Chung Sungwon, Pelletier Daniel, Sdika Michael, Lu Ying, Berman Jeffrey I, Henry Roland G
UCSF/UC Berkeley Joint Graduate Group in Bioengineering, CA, USA.
Neuroimage. 2008 Feb 15;39(4):1693-705. doi: 10.1016/j.neuroimage.2007.10.039. Epub 2007 Nov 7.
Diffusion tensor MRI (DTI) has been widely used to investigate brain microstructural changes in pathological conditions as well as for normal development and aging. In particular, longitudinal changes are vital to the understanding of progression but these studies are typically designed for specific regions of interest. To analyze changes in these regions traditional statistical methods are often employed to elucidate group differences which are measured against the variability found in a control cohort. However, in some cases, rather than collecting multiple subjects into two groups, it is necessary and more informative to analyze the data for individual subjects. There is also a need for understanding changes in a single subject without prior information regarding the spatial distribution of the pathology, but no formal statistical framework exists for these voxel-wise analyses of DTI. In this study, we present PERVADE (permutation voxel-wise analysis of diffusion estimates), a whole brain analysis method for detecting localized FA changes between two separate points in time of any given subject, without any prior hypothesis about where changes might occur. Exploiting the nature of DTI that it is calculated from multiple diffusion-weighted images of each region, permutation testing, a non-parametric hypothesis testing technique, was modified for the analysis of serial DTI data and implemented for voxel-wise hypothesis tests of diffusion metric changes, as well as for suprathreshold cluster analysis to correct for multiple comparisons. We describe PERVADE in detail and present results from Monte Carlo simulation supporting the validity of the technique as well as illustrative examples from a healthy subject and patients in the early stages of multiple sclerosis.

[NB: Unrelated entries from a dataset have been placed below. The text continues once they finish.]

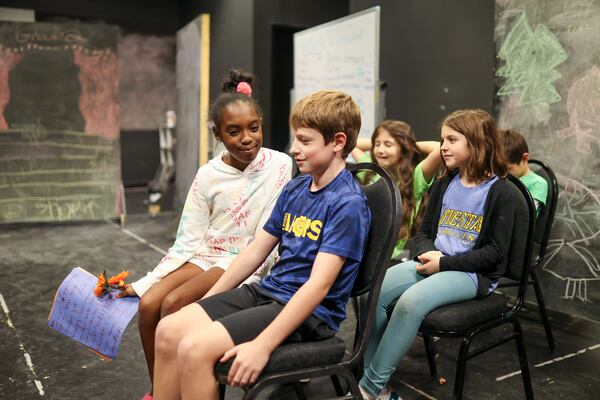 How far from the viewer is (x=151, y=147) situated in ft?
29.0

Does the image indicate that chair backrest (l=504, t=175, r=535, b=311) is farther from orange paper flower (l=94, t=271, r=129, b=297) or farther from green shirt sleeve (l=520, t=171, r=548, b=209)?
orange paper flower (l=94, t=271, r=129, b=297)

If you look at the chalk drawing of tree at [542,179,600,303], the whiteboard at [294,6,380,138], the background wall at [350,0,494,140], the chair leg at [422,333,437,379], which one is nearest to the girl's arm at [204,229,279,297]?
the chair leg at [422,333,437,379]

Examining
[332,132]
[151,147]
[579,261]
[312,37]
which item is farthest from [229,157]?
[151,147]

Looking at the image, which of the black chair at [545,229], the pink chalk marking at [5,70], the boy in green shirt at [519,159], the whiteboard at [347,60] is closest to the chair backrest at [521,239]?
the black chair at [545,229]

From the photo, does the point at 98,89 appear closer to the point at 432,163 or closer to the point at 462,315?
the point at 432,163

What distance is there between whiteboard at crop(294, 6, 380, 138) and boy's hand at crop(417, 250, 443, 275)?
1.82 meters

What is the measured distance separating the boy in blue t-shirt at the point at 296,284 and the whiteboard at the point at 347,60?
2.15 metres

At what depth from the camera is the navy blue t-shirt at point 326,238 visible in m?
1.27

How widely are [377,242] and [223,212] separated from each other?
2.08ft

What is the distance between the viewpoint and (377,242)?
1317 mm

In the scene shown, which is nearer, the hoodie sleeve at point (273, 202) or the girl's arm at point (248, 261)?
the girl's arm at point (248, 261)

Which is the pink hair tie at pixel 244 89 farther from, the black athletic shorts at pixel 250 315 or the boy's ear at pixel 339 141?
the black athletic shorts at pixel 250 315

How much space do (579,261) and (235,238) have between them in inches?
A: 68.5

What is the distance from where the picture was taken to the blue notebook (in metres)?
1.62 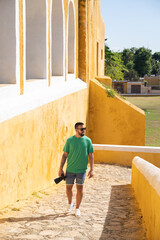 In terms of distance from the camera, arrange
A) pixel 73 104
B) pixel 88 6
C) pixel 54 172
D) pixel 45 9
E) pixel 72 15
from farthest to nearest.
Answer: pixel 88 6
pixel 72 15
pixel 73 104
pixel 54 172
pixel 45 9

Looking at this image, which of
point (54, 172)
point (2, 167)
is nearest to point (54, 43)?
point (54, 172)

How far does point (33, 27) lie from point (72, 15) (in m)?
4.28

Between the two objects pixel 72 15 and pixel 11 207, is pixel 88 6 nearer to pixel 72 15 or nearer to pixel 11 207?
pixel 72 15

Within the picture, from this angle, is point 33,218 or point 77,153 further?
point 77,153

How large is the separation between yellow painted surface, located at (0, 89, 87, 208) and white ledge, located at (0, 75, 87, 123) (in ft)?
0.34

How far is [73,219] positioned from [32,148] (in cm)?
169

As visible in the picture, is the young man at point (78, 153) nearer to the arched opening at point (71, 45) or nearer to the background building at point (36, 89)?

扩散张量磁共振成像(DTI)已被广泛用于研究病理状况下以及正常发育和衰老过程中的脑微结构变化。特别是,纵向变化对于理解疾病进展至关重要,但这些研究通常是针对特定感兴趣区域设计的。为了分析这些区域的变化,传统统计方法常常被用来阐明组间差异,这些差异是相对于在对照组中发现的变异性来衡量的。然而,在某些情况下,不是将多个受试者分为两组,而是分析个体受试者的数据既必要又更具信息量。还需要在没有关于病理空间分布的先验信息的情况下了解单个受试者的变化,但目前尚无用于这些DTI体素级分析的正式统计框架。在本研究中,我们提出了PERVADE(扩散估计的排列体素级分析),这是一种全脑分析方法,用于检测任何给定受试者在两个不同时间点之间的局部FA变化,而无需对可能发生变化的位置有任何先验假设。利用DTI是根据每个区域的多个扩散加权图像计算得出的这一特性,对排列检验(一种非参数假设检验技术)进行了修改,以用于分析连续DTI数据,并用于扩散度量变化的体素级假设检验以及用于校正多重比较的超阈值聚类分析。我们详细描述了PERVADE,并展示了蒙特卡罗模拟的结果,这些结果支持了该技术的有效性,以及来自一名健康受试者和多发性硬化症早期患者的示例。